Adjust Agaves

Usually, minor adjustments are required of new landscape installations, no matter how carefully measured and designed they are. I’m no exception, though hopefully larger plants like trees or hardscape elements don’t need that.

Adjustments are also needed with the accidental shifting of items, sometimes due to added elements.

Photos from the warm, enchanted evening of 9/25/2013 –

look carefully, near the low, yellow Zinnia grandiflora plants
look carefully, near the low, yellow Zinnia grandiflora plants
between the added metate stone and the cosmos, an Agave bracteosa should be moved towards the stone
between the added metate stone and the tall, annual cosmos zinnias, an Agave bracteosa should be moved towards the stone…or the metate could be moved to be a focal point between 2 different elements or plants, and the agaves shifted…small spaces require that each element be placed very carefully
a look at my plan confirmed those agaves alternate and stagger with other elements
a look at my plan confirmed those agaves alternate evenly and stagger with other elements
some nice Agave bracteosa...1-2 already have some pups
he bought some nice Agave bracteosa…1-2 already have some pups, ready to duke it out with other plants and the Rain Lily clumps

6 Replies to “Adjust Agaves”

  1. It’s crazy the little changes. That is so true of small spaces. I quite often move things around. Sometimes just a matter of inches changes everything! I love it! I’m glad I found your blog again!!!

    Yes, so much to small space! Glad you found my new blog, too…much more to come, I think:-)

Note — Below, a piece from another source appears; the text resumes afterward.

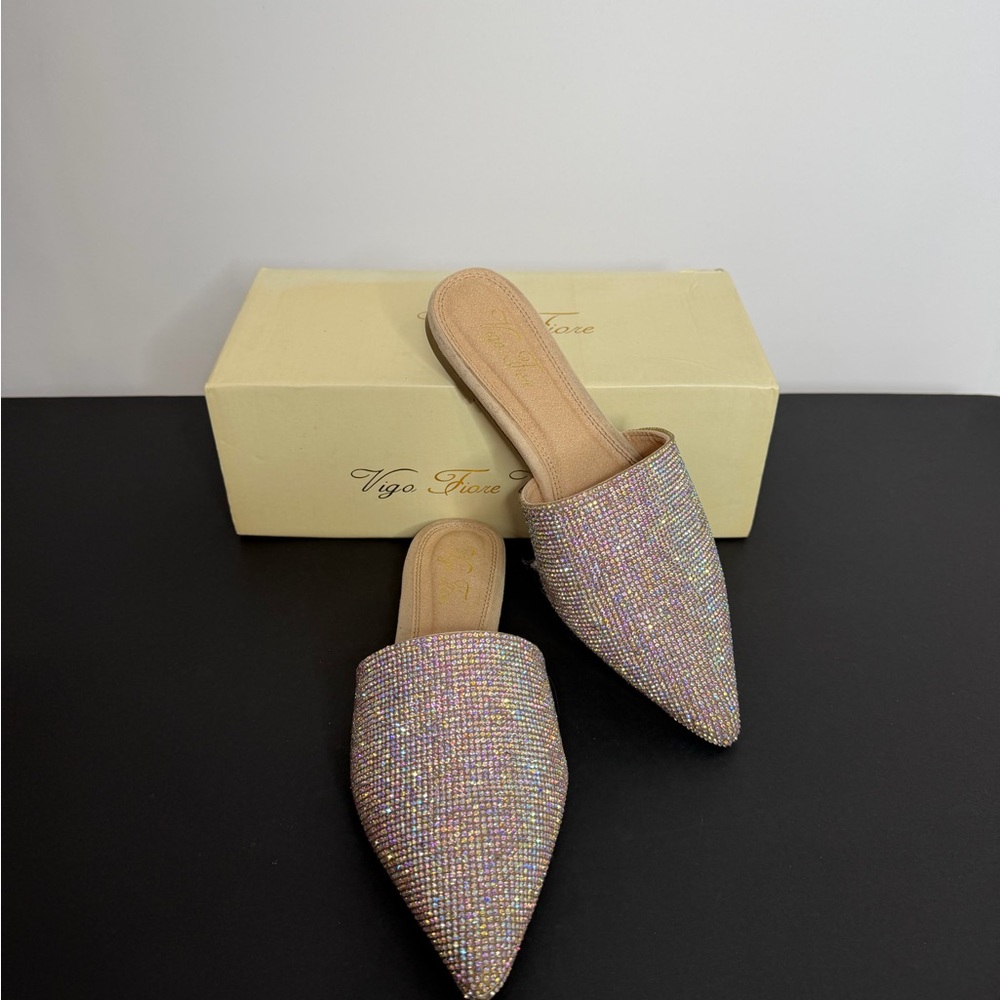 Vigo Fiore Glittering Mules - Multicolor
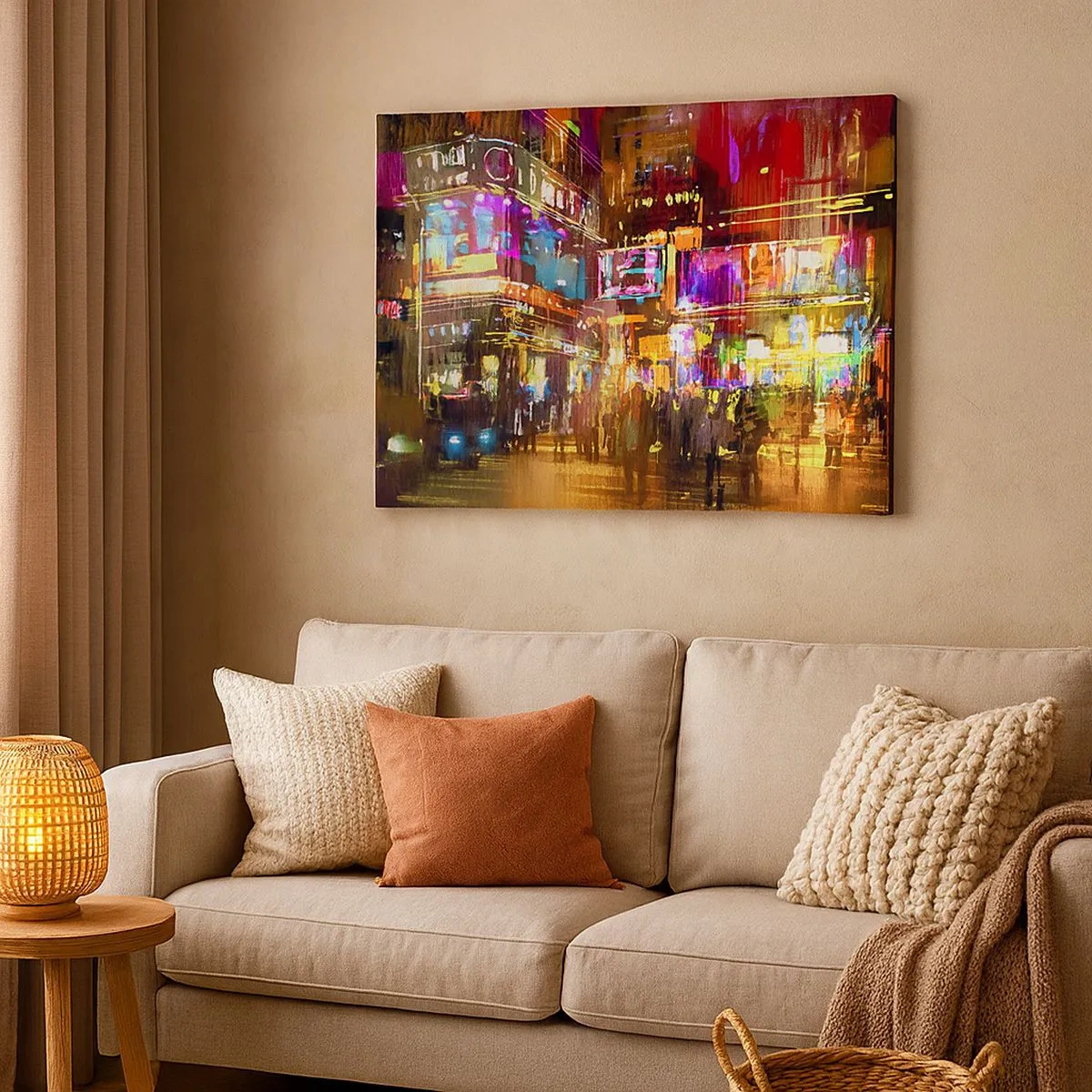 Bild auf Leinwand - Leinwandbild - Eine pulsierende Stadt bei Nacht im Neonlicht - 70x50cm - In einem Lichtermeer - Moderne Wanddekoration für Wohnzimmer und Schlafzimmer ARTTOR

  2. The metate has just arrived at the party and is waiting to be introduced. Much better when the elements relate and interact.

    Very well said…I need to use that in some upcoming presentation on design implementation. Gracias, SF!


  3. I might tolerate the zinnia overrun of the agaves (if they are a seasonal feature in that zone) knowing the agave would not suffer overmuch from the temporary shading but I agree with you. I would definitely move the metate away from the walk towards the zinnia and adjust the angle a bit for interest.

    That little blue bench and table are so sweet. What a riot of color in that corner – I can imagine sitting there with cups of coffee in the AM and a glass of wine in the PM just enjoying that view. Very thoughtful design.

    I always switch the tall annual zinnias and cosmos – fixed! I meant the low, perennial zinnias in front (Z. grandiflora). PM shade in early summer on this agave is probably good, if they don’t overgrow!

    Thanks, exactly! I use colored non-plant elements for winter and summer interest; hard to imagine no place outside for a drink!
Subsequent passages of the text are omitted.